The third plot shows the distribution of lengths of Indels (insertions are positive values and deletions are negative values). This is useful information to have, but in practice we tend to exclude indels when building alignments for phylogenetic tree building.

nf-core/bactmap MultiQC bcftools indel distribution

The final bcftools plot shows the distribution of the number of reads mapping to each variant position and is one of the metrics used to filter out low quality variants (the fewer the reads mapping to a variant position, the lower the confidence we have that the variant is in fact real).

nf-core/bactmap MultiQC bcftools variant depth

Software versions

This section of the report shows the software run as part of nf-core/bactmap and the versions used. This is particularly important when reproducing the analysis on a different system or when writing the methods section of a paper.

13.4 Check how much of the reference was mapped

It’s good practice to do an additional check of our mapping results before proceeding to the next step of our analysis, phylogenetic tree inference. We can do this by checking how much of the reference genome was mapped in each sample and use a tool called seqtk to do this. If a position in the reference genome is not found in the sample it is marked as a N and any regions of the reference that were not mapped to sufficient quality are marked as -. So we use seqtk comp to count the number of A’s, C’s, G’s and T’s, sum the totals and then divide by the length of the reference sequence. This gives us a proportion (we can convert to a % by multiplying by 100) of the reference sequence that was mapped in each sample. Ideally, we would like to see more than 90% of the reference mapped but this will depend on the species and how close the reference is to the samples you’re analysing. However, anything more than 75% should be sufficient for most applications. The main impact of less mapping is fewer phylogenetically informative positions for constructing phylogenetic trees.

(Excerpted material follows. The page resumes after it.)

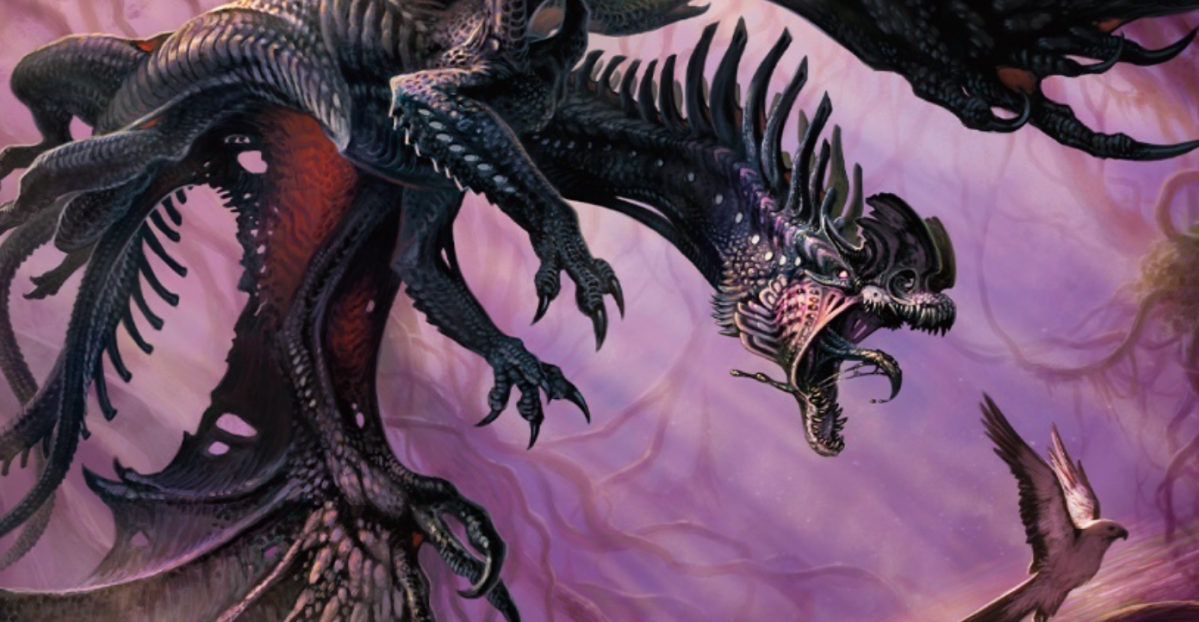 Featured image for Magic introduces a new draft format tailored for Commander groups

We’ll start by activating the seqtk software environment to make seqtk available:

mamba activate seqtk

To run seqtk comp on a single sample (in this example we’ll analyse ERX9450498_ERR9907670), the following commands can be used:

# create output directory
mkdir -p results/bactmap/pseudogenomes_check

# run seqtk comp
seqtk comp preprocessed/bactmap/pseudogenomes/ERX9450498_ERR9907670.fas > results/bactmap/pseudogenomes_check/ERX9450498_ERR9907670.tsv

If you open the output file ERX9450498_ERR9907670.tsv in the terminal with cat:

cat results/bactmap/pseudogenomes_check/ERX9450498_ERR9907670.tsv

You should see output like this:

ERX9450498_ERR9907670   4435783 715550  1348517 1343684 715401  0   0   312631  1040588 0   0   0

There are no headers in the output but the important information is contained in the first six columns:

Column 1 - our sample ID.
Column 2 - the total length of the sequence (this is the length of the reference).
Column 3 - the total number of ’A’s in the sequence.
Column 4 - the total number of ’C’s in the sequence.
Column 5 - the total number of ’G’s in the sequence.
Column 6 - the total number of ’T’s in the sequence.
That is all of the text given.